Adding Event Type information on get_task_result_stream()
From the following code, I am using the get_task_result_stream() from Session in core.py.
This is used to return Event information from a llama index workflow. However, the method actually only returns a dict and not the Eventtype itself, which would be useful for filtering later on.
I am currently using a websocket to pass EvenInformation to a Frontend using this:
# Initialize workflow handler using existing pattern
async for event in session.get_task_result_stream(task_id):
await websocket.send_json(event)
print(type(event)) # returns dict without event type info
# Handle human input requests
if "prefix" in event:
response = await websocket.receive_json()
Especially for InputRequiredEvent, I would like a better identifier.
So is there a way to either
- modify
get_task_result_stream()to return the actual EventObjects instead of dicts? - add a param to the object returned by
get_task_result_stream()? - add a param to the Event-Type Definition, maybe via decorators? This would probably affect llama-index code.
This would allow for better downstream Event filtering
-I have accidentally closed this issue, please reopen if possible-
I have thought about this a little bit. I am tempted to just modify the Event class on the workflow side but this seems like a fix rather than a solution.
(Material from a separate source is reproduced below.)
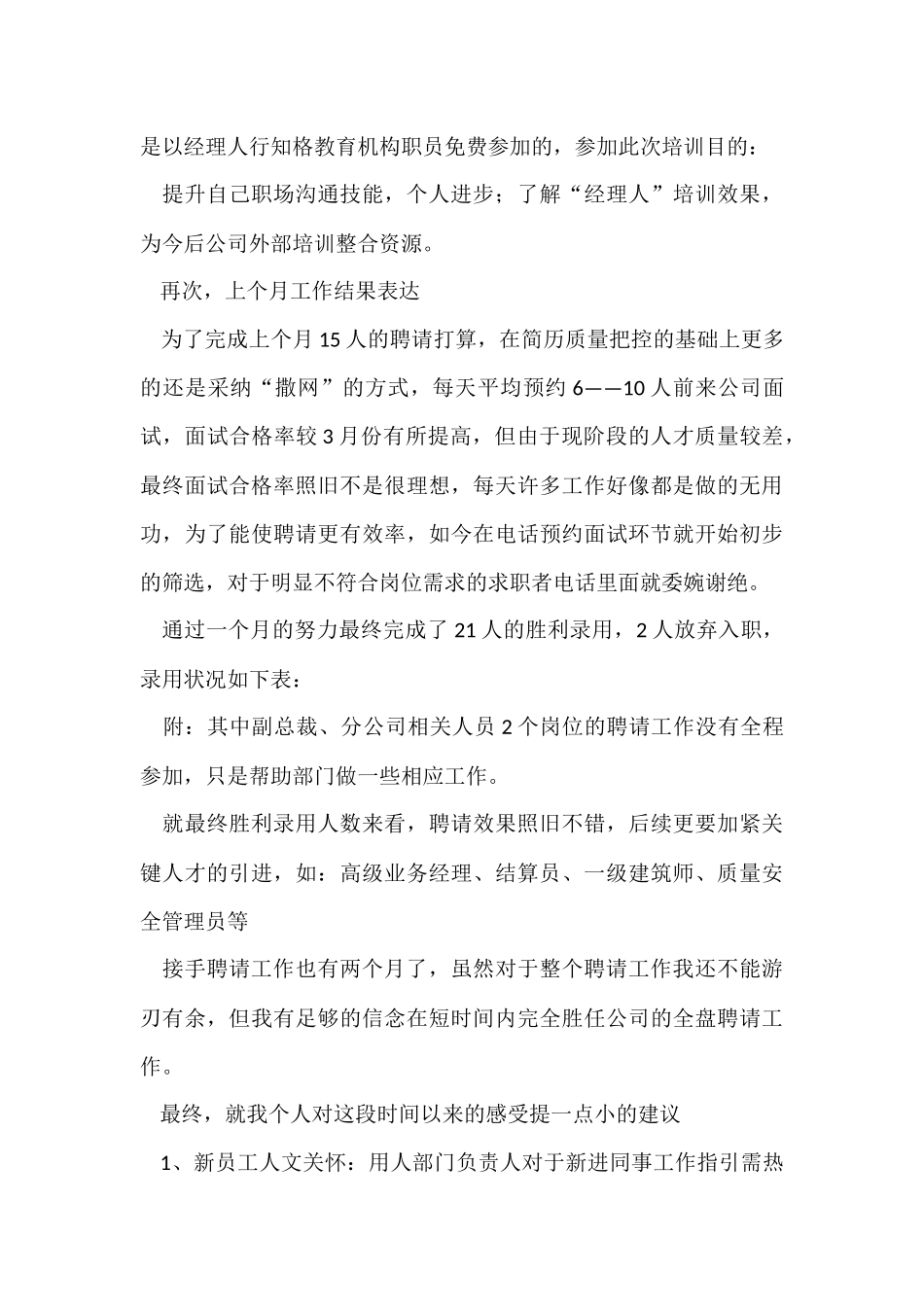 月度个人工作总结汇总10篇_第3页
I think that the get_task_result_stream functnalities, either in the Session or the Control Plane Server code should wrap the Event Data together with additional metadata such as event_type and possibly even a tracing id before sending it as a payload.
I am interested whether this seems important for you currently. I also wondered whether you have intentions of moving the tracing capabilities from lama-index over to llama-deploy. A lot of these functionalities seem to be initially integrated for llama-index but are also very relevant for llama-deploy.
@robbyfrt we just resuming the work here so yes, it's important. We have an internal doc where we're collecting what we want to add or change in light of an upcoming 1.0 release (you can see there are already many changes in main compared to 0.8) and observability is on the list. Good point about attaching the trace id to the event, let me have a better look at this issue and I'll come back with something. If you have any further pointer to give us, please go ahead, that helps a lot!
Thank you @masci for the heads up! I am currently still evaluating different components of the llama-index /deploy framework so I still have little experience to share regarding any actual loads on the system. From initial assessment though, quite a lot requirements are met with either llama-index or llama-deploy already, it's just a matter of clear documentation. The frontend team has mentioned requirements towards caching for performance improvements but so far I have only found checkpointing for development in llama index. Not sure if applicable in this context.
Regarding tracing, mlflow integration on llama-index is really easy to set up but I am not sure where to integrate this in a production scenario as workflow.run is abstracted away here. Some OpenTelemetry based tracing would still be useful I think.
For the issue described above, I have opted for now atöeast for a typed base class to inherit from:
class WebssocketEvent(Event):
@computed_field
@property
def type(self) -> str:
return self.__class__.__name__
This can be applied only to those events I intend to send and it is easily extendable to metadata like timestamps, etc.